WHAT YOU SHOULD DO =
Output the lines of the records exactly, from the first through the one containing "It's a 2016". Omit all pictures.

(Data records)
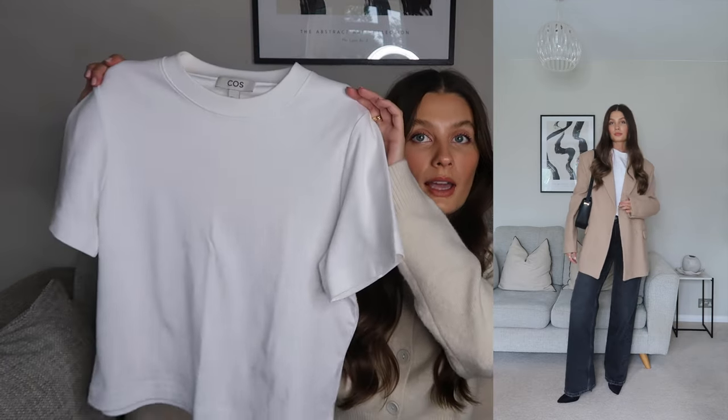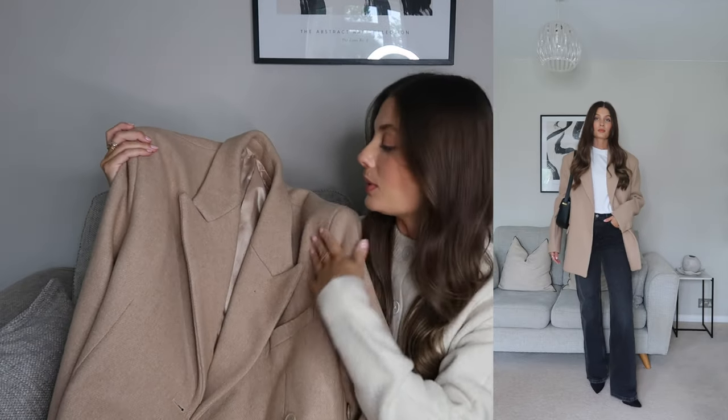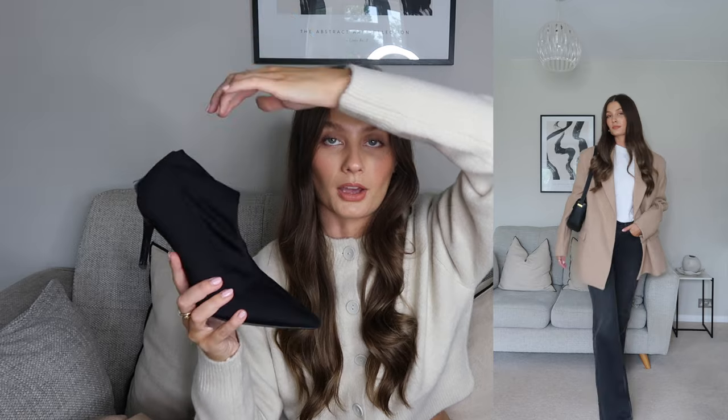I've gone for a smart casual office look for this outfit - perfect if you have a smart casual office where you're allowed to wear denim, or for a meeting. I've got my white COS t-shirt - the best quality t-shirts ever, worn in a size small. Then a wool blazer from Source Unknown in a beautiful beige camel colour, super oversized - a really nice neutral outfit. For footwear I've gone for something a little more elegant: pointed stiletto boots from Mango, and the heel works so nicely with these jeans. Finished off with the D'Amelia London bag.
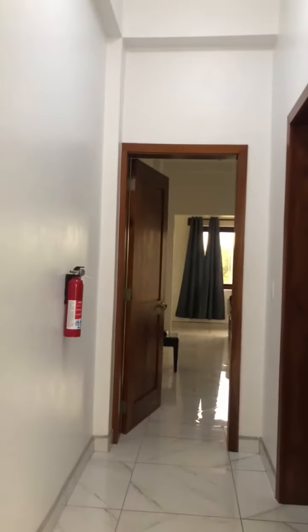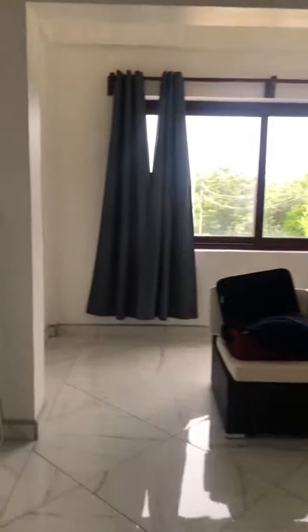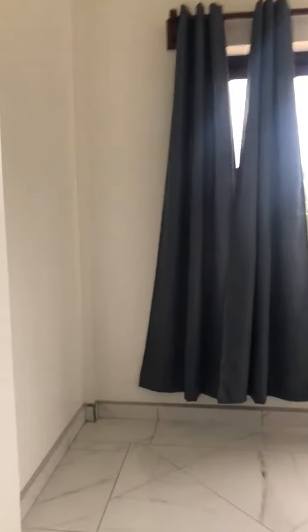AirBnB in Plasencia. Nice marble floors — actually I'm mistaken, they're not marble, they're tile that appear like marble.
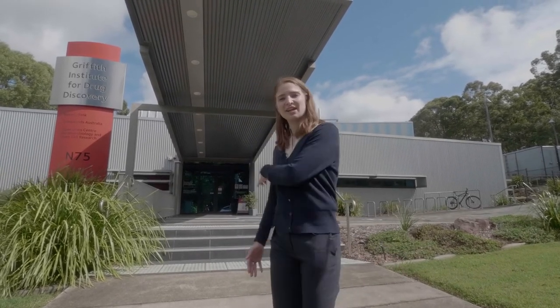Hello and welcome to the Griffiths Institute for Drug Discovery. My name is Stephanie. I'm a PhD student here and I would love to show you around this institute. Let's go and have a look.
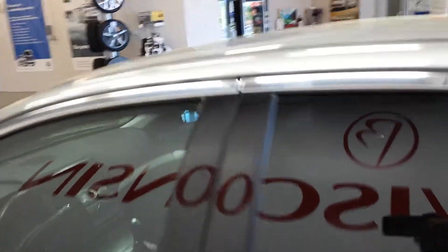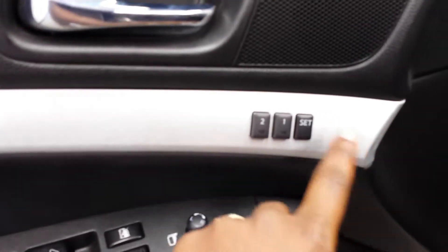Also comes equipped with a sunroof. Really nice leather seats — no tears or rips or anything like that. Comes with heated seats and memory seats as you can see.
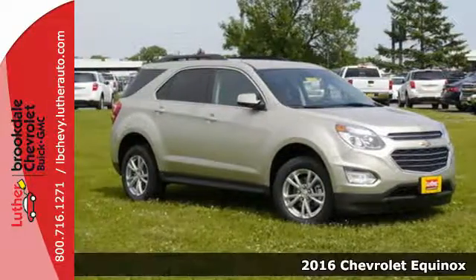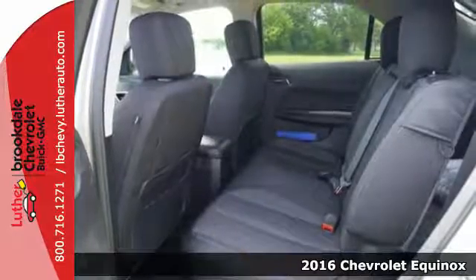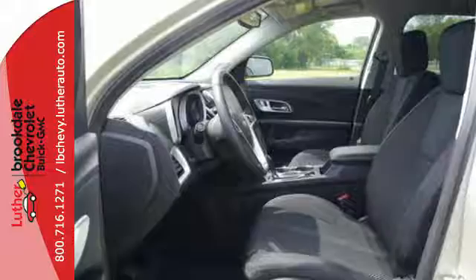It's a 2016 Chevrolet Equinox. Chevrolet tweaked this popular crossover, giving the Equinox a bigger grille with chrome accents flowing into the stylish and more pronounced headlights.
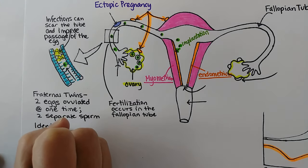Ovulation can be identified with a luteinizing hormone spike. The LH spike causes ovulation, which means the corpus luteum gets left behind. The corpus luteum — meaning yellow body — makes progesterone, so we call this phase the luteal phase. It's the hormone luteinizing hormone that causes ovulation, so they all share that root 'luteal.'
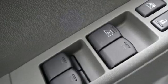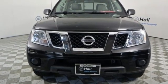Nissan, built for the human race. You need to drive it to believe it. See it for yourself today.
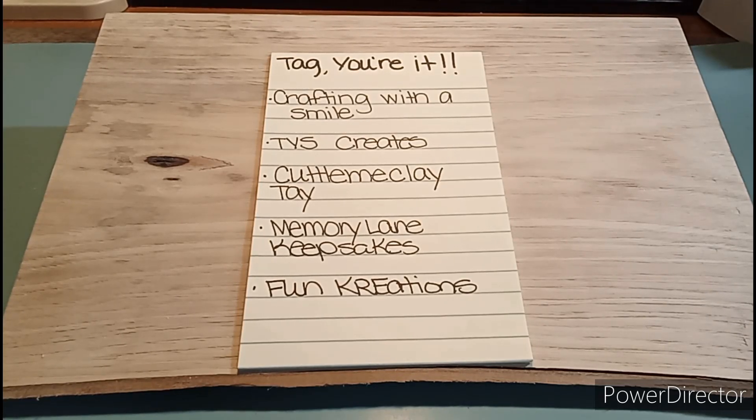Hi friends, welcome to another episode of Tag You're It with Lady Cree, in which I have joined a group of crafters. We will be sharing tags on Tuesdays, and the lineup consists of Vanessa who is Crafting with a Smile, Tracy of TYS Creates, Shatavia who is Cuddle Me Clay Tay, Tanya who is Memory Lane Keepsakes, and the creator who is Fun Creations, aka Lady Cree. Hi ladies! So this week we are creating two tags to share with you all.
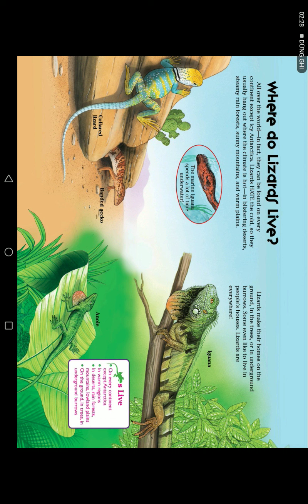Where do lizards live? All over the world, in fact — they can be found on every continent except Antarctica. Lizards hate the cold, so they mostly hang out where the climate is hot: blistering deserts, steamy rainforests, sunny mountains, and warm plains. Lizards make their homes on the ground, in the trees, or in underground burrows. Some even like to live in people's houses. Lizards are everywhere.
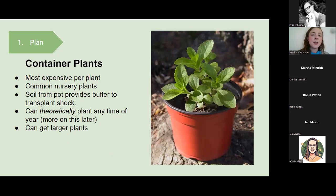Container plants are most recognizable for most gardeners and the most common option in nurseries, though also one of the most expensive per plant. The soil in the pot provides a buffer against transplant shock — the stress plants undergo when planted in a new environment. You can theoretically plant them any time of year. You can also get much larger plants, which is nice for filling a spot right away or reaching your gardening goal more quickly.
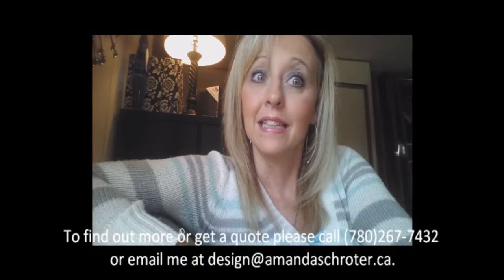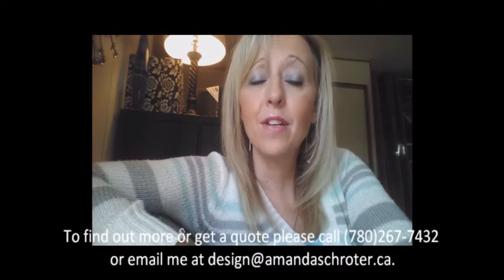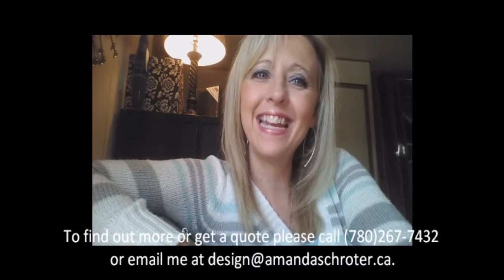I hope this was helpful and this is Amanda Schroeder for Amanda Schroeder Design. Have a great day and take care.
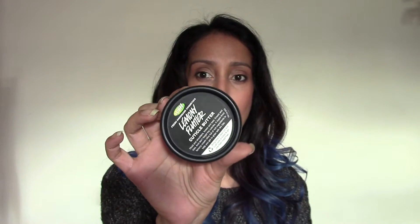So let's get started. First up is a product I've been using for a long time, and it's great for a stocking filler, or for somebody that maybe you don't want to spend too much on. It's absolutely fantastic, and it's Lemony Flutter by Lush, and you can see that here.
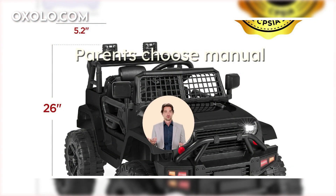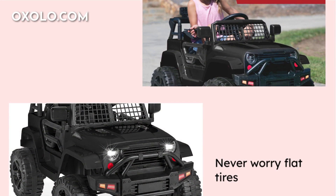Parents can choose between manual or remote control driving, with an 8mph max speed and durable design for outdoor adventures. Never worry about flat tires with plastic wheels, and enjoy smooth rides with the spring suspension system on various terrains.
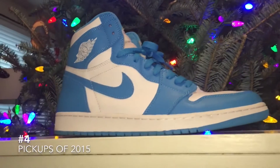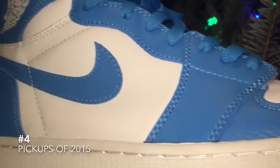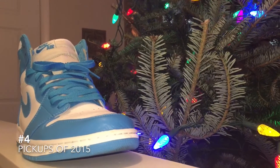My number four for top pickups of 2015 was the Jordan 1 UNC OG colorway with Nike Air on the tongue. This was one of the shoes that I always thought they should retro and make one with Nike Air as a high. I knew it was an original colorway and always thought they should do that. As you can tell from the color of this room and the other shoes I have, I'm a big fan of North Carolina shoes and North Carolina the school in general, so this was a no-brainer for me. It's a pretty comfortable shoe considering it's a flat-soled retro. That's my number four.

REPLY =
I've gone for a smart casual office look for this outfit - perfect if you have a smart casual office where you're allowed to wear denim, or for a meeting. I've got my white COS t-shirt - the best quality t-shirts ever, worn in a size small. Then a wool blazer from Source Unknown in a beautiful beige camel colour, super oversized - a really nice neutral outfit. For footwear I've gone for something a little more elegant: pointed stiletto boots from Mango, and the heel works so nicely with these jeans. Finished off with the D'Amelia London bag.
AirBnB in Plasencia. Nice marble floors — actually I'm mistaken, they're not marble, they're tile that appear like marble.
Hello and welcome to the Griffiths Institute for Drug Discovery. My name is Stephanie. I'm a PhD student here and I would love to show you around this institute. Let's go and have a look.
Also comes equipped with a sunroof. Really nice leather seats — no tears or rips or anything like that. Comes with heated seats and memory seats as you can see.
It's a 2016 Chevrolet Equinox. Chevrolet tweaked this popular crossover, giving the Equinox a bigger grille with chrome accents flowing into the stylish and more pronounced headlights.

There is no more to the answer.